The TES is performing an important service to education by highlighting the need to protect music in the primary curriculum.
Music educators from abroad look to the UK with a degree of admiration and envy. In France, for example, music is bedevilled by the fact that the subject is only seriously compulsory for 11 to 14-year-olds. It is generally agreed that this leaves things too late.
Here tremendous progress has been made in developing a coherent pattern of music education from five to 14. The new order threatens to destabilise that.
The national curriculum was also at last addressing the vexatious question of continuity and progression across the primary-secondary divide.
We are faced with a return to a hotch-potch picture and secondary schools reacting by returning to their old practice of starting all11-year-olds off from scratch regardless of what they have learnt previously.
Similarly educators from the United States envy the way the national curriculum provided a set of national standards, something they are still fighting for. For all of the foundation subjects one stroke of the pen has effectively made national standards in primary schools a thing of the past.
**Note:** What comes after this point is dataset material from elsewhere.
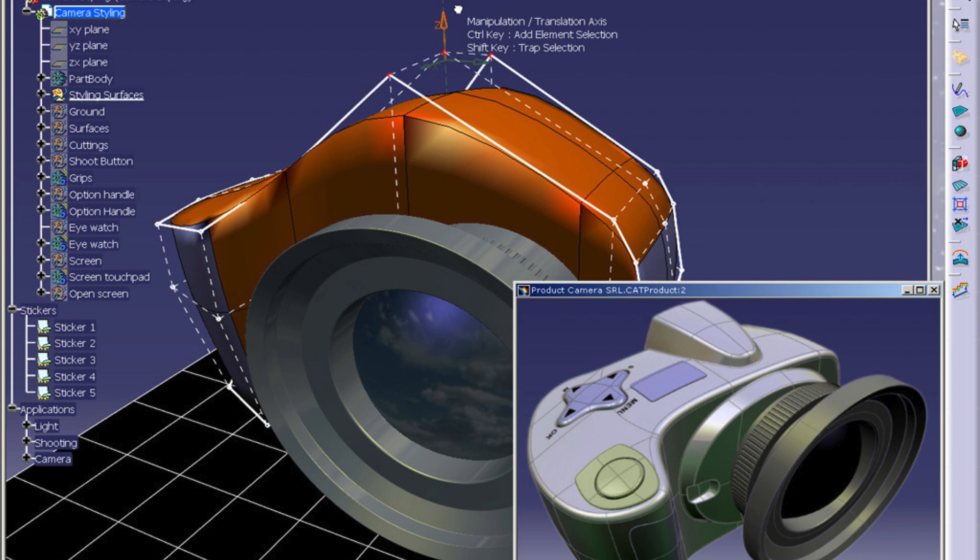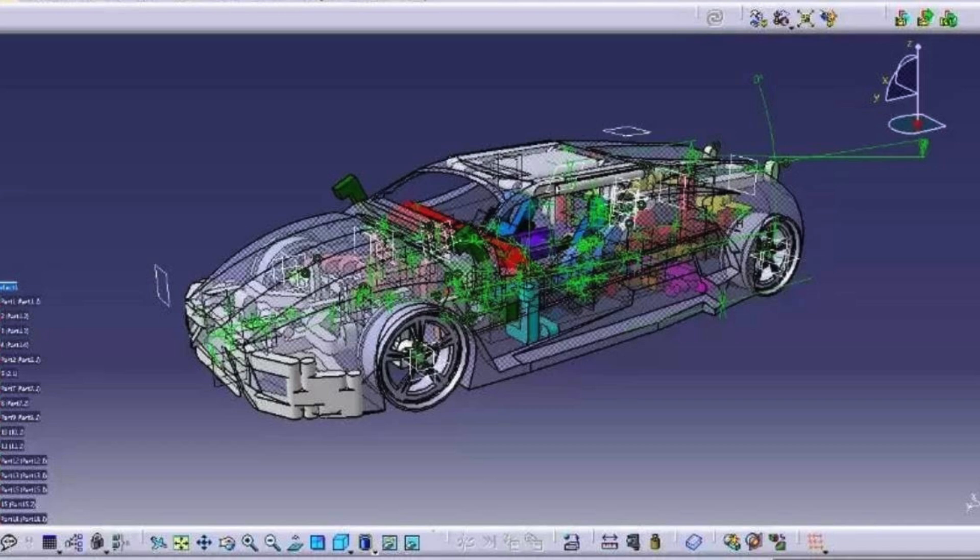Cherry Institute is known for its rigorous curriculum that covers all aspects of CATIA, from basic to advanced levels. The courses are designed to provide students with a thorough understanding of the software and its applications in various industries such as automotive, aerospace, and manufacturing.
There are plenty of primary schools which implement national curriculum requirements in full without selling their pupils short in the development of literacy and numeracy. The proposal is effectively an amnesty for primaries who have not got their act together over implementing the full national curriculum requirements, and can only foster cynicism.
The move may well prove counter-productive. Experienced primary teachers know that difficulties in reading are often linked to low self-esteem. A broad curriculum gives opportunities for success in a wide variety of areas which can have a knock-on effect on motivation and in fostering the risk-taking that is necessary for effective learning in reading.
We cannot have 'English across the curriculum' if there is little of the curriculum left.